When Billie was re-elected chief in 2015, one of the tribe members in attendance told the Sentinel that she wanted “a renewed focus on protecting young people from drug addiction, which she said has claimed some of her family members.”
Growing more marijuana on reservations probably won’t help.
But there may not be much more that tribal leaders can do. With few options for individuals to earn income, the tribes depend on these collective enterprises to survive. And the federal government continues to put incentives in place for these tribes to pursue loophole economies -- rewarding them for finding areas in federal and state law that Indians can exploit to gain a financial step up.

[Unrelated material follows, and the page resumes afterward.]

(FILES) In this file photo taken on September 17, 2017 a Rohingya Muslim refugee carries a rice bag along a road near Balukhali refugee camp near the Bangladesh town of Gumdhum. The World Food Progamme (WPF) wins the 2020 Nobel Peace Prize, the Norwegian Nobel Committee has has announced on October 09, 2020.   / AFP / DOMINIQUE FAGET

The biggest hurdle is that American Indians on reservations do not have private property rights, a problem that is deeply rooted in federal and constitutional law. We could certainly give Indians more control over their own land by scaling back the Bureau of Indian Affairs, which right now regulates everything from the extraction of natural resources to the sale of a few acres of land from one Indian to another on reservations.
But if we were serious about giving Indians the autonomy over their land that, as American citizens, they are entitled to, we should look to a proposal in Canada. The First Nations Property Ownership Act, which is working its way through parliament, would give Indians the underlying title to their land, allowing them to buy, sell or borrow against it. The land itself would still remain part of the reserve, but the reserves would act more like small independent cities. They would still be subject to the national government’s laws, but residents would gain more autonomy over their property.
While waiting for solutions, we have made Indian territories into places where fewer and fewer Americans would choose to live and raise families. Making cigarettes, gambling and drugs cheaper and more widely available than in surrounding areas is a recipe for more poverty, crime and social dysfunction. Sadly, American Indians are the victims of that.